- Supplied material -
=====

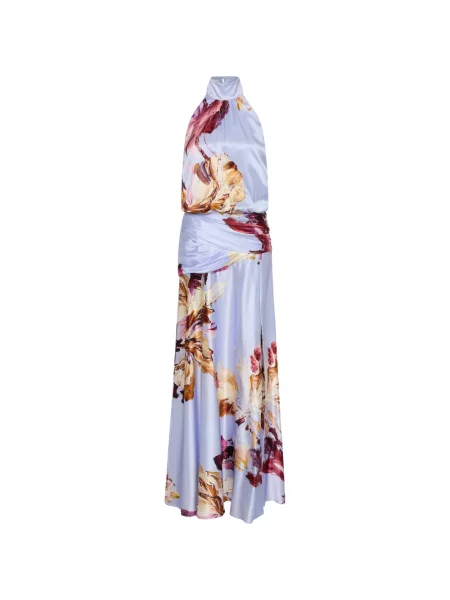 Rochie maxi Rebecca Vallance cu model floral cu imagine albastru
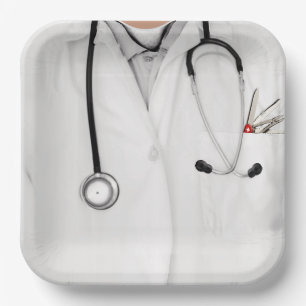 Medical School Graduation Party Paper Plate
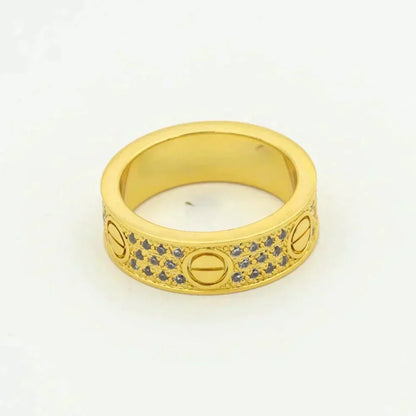 [CharmAmor]LOVE RING 5.5MM DIAMONDS PAVED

=====

- What the task asks -
Omit the pictures and give the material again, exactly and in full.

- Solution to this problem -
 Rochie maxi Rebecca Vallance cu model floral cu imagine albastru
 Medical School Graduation Party Paper Plate
 [CharmAmor]LOVE RING 5.5MM DIAMONDS PAVED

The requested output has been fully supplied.